Aussitôt Guae m'apporta ses couilles à chatouiller, et son vit à branler. Je m'en acquittai si bien qu'il hennit au bout de quelques minutes, et qu'à peine eus-je embouché son vit qu'il déchargea, en sacrant:
— Elle a toutes les qualités… Elle est parfaite! (s'écriait le poilu, en me re-enconnant) Si sa petite soeur la vaut, ce sont deux connins impayables!
Il acheva de me foutre cinq fois, sans déconner. Je puis me rendre le témoignage que je déchargeai, à chaque assaut, plutôt deux et trois fois qu'une. Aussi Fysitère en était-il émerveillé! et me nommait-il la seule fouteuse digne de lui. Mon père lui dit alors:
— Ce ne sera pas encore assez de ma cadette. Mais j'ai votre affaire. Il me reste une nièce religieuse qui a des vapeurs hystériques; je vous la donnerai, pour reposer mes filles!

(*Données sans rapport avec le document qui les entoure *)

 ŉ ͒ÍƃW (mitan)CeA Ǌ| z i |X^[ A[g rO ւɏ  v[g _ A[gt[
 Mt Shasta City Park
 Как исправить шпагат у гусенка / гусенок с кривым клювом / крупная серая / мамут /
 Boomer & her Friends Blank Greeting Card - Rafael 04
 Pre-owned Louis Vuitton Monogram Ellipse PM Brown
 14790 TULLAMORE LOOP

— Je leur ferai à toutes trois 12 mille francs de rentes (répondit le basané). Amenez-les-moi chaque soir, demain excepté, que j'ai à fourgonner une grande blonde qui a ouï parler de moi et qui veut en tâter. Il s'en alla.

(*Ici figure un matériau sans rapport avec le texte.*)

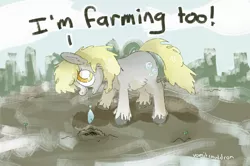 Size: 800x530 | Tagged: safe, artist:tilling-tan, derpy hooves, fish, pony, taiga pony, farming, female, fluffy, image, looking at you, mare, png, signature, silly, socks (coat marking), solo, unshorn fetlocks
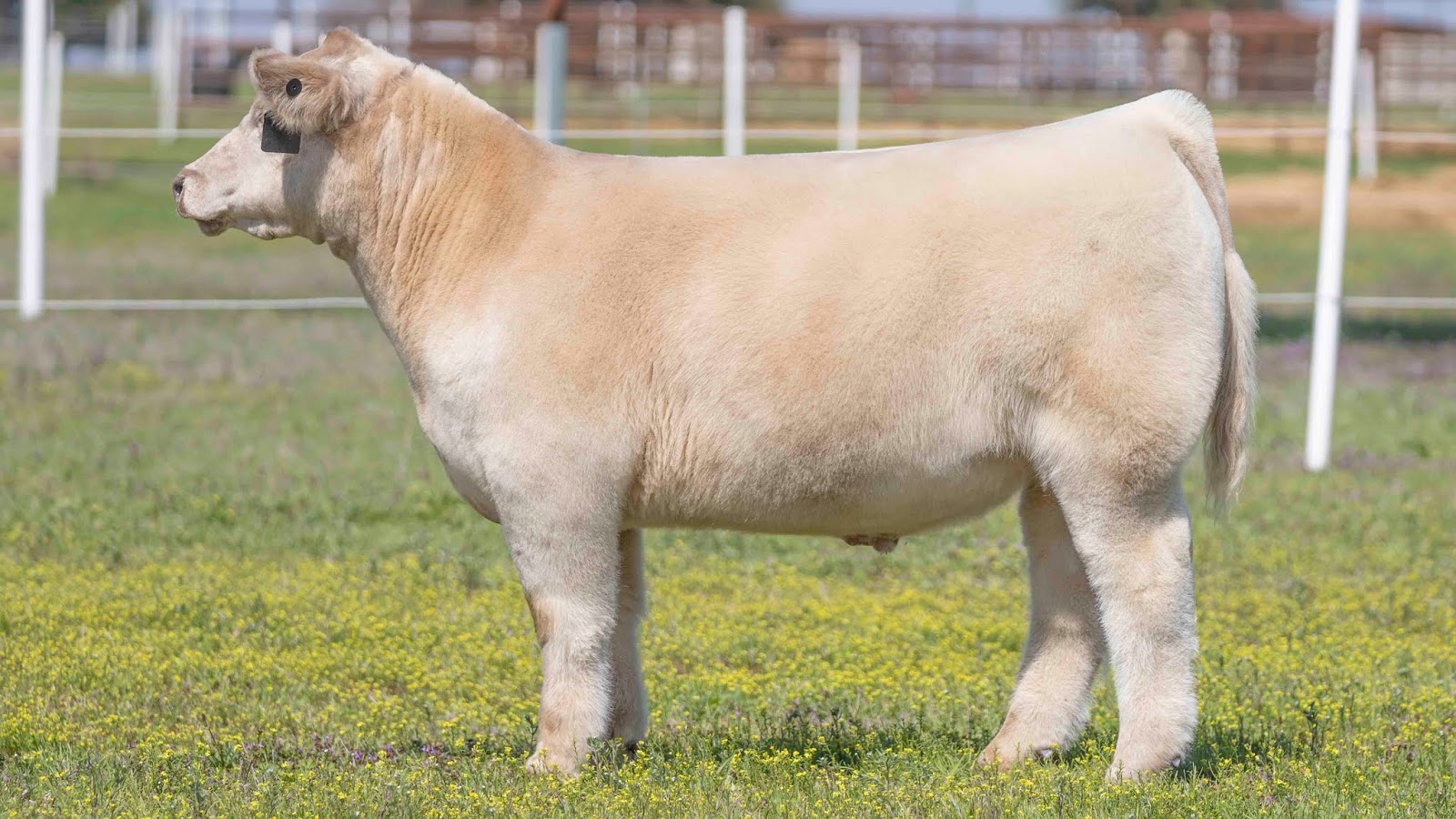RCC Blog Goretska Show Steers FallBorn Steer Sale is Impressive!!
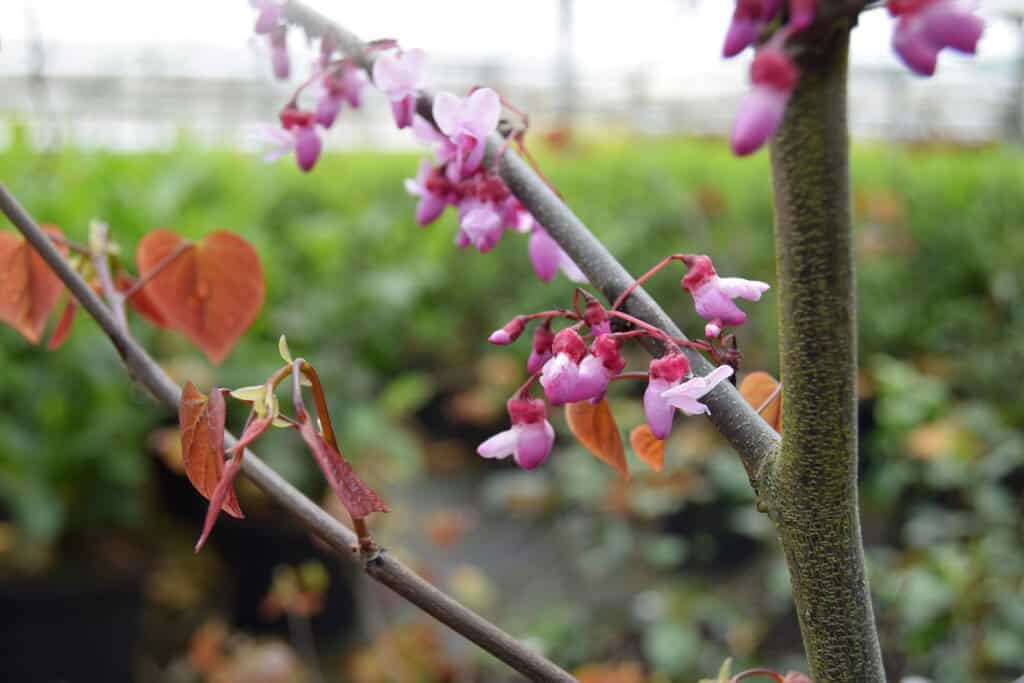 Cercis canadensis 'Forest Pansy' 300-350 cm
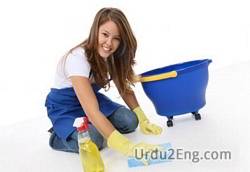 cleanup Urdu Meaning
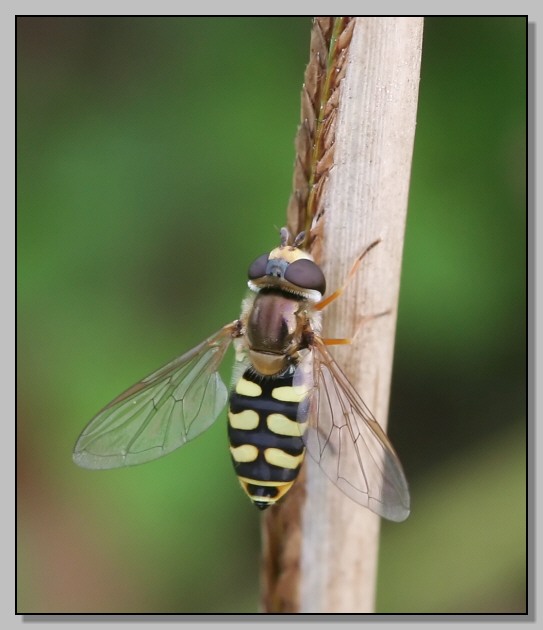 Due sirfidi (Eupeodes corollae e Melanostoma scalare)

Cette scène changea tous nos projets. Je dormis jusqu'à midi, qu'on m'habilla. Je fus mariée à une heure. La noce fut gaie. Ma soeur y était, ainsi que ma cousine la carmélite hystérique, mon père ayant trouvé le secret de l'avoir, au moyen d'une permission de prendre les eaux qu'il sollicitait depuis longtemps. J'eus réellement pitié du connichon de ma soeur Doucète, et je résolus de le voir dans la journée. Mon père me le montra, et le gamahucha devant moi, en alléguant le motif de prévenir une maladie. Ah! qu'il était mignon!… Je l'aurais gamahuché, à mon tour, sans ma coiffure d'épousée, car son joli petit foutre virginal me tentait… Notre père la prévint qu'il fallait qu'elle me soulageât la nuit de mes noces, et l'aimable enfant y consentit avec naïveté. Je vis aussi le con de ma cousine la carmélite, ou la belle Victoire-Londo. Il n'était pas si mignon, mais il avait une superbe perruque noire. Elle entra en fureur érotique dès qu'on le lui eut touché du bout du doigt, et mon pauvre père fut obligé de le lui mettre devant ma soeur, et devant moi. Ce qui ne la calma que pour un instant. Nous appelâmes mon oncle, qui la foutit trois fois. Puis le jeune homme fut introduit. Ensuite le procureur. Tous ceux qui devaient me le mettre ce jour-là. Les enculeurs vinrent après. Elle fut foutue, refoutue, enculée, re-enculée, et calmée. Mais on n'appela pas M. Guae; j'en étais jalouse… Pendant ce temps-là, mon père branlait ma soeur; l'enculage de la religieuse le fit entrer dans une telle érection qu'il la poussa dans un cabinet, où je les suivis, la renversa, et la dépucela. J'insérai le vit paternel dans le joli connin, en disant à Doucète que c'était une ponction nécessaire.
On lavait la religieuse. M'étant aperçue que Guae la convoitait, je lui témoignai une jalousie qui le flatta. Il me promit de réserver son foutre azuré et son gros vit pour ma bouche, en attendant que les enfants m'eussent élargi le con.
— Mais vous m'aviez vendue (lui dis-je), avant de m'avoir livrée à l'homme velu, pour être foutue et enculée ma nuit des noces. Combien de fouteurs et d'enculeurs devais-je avoir?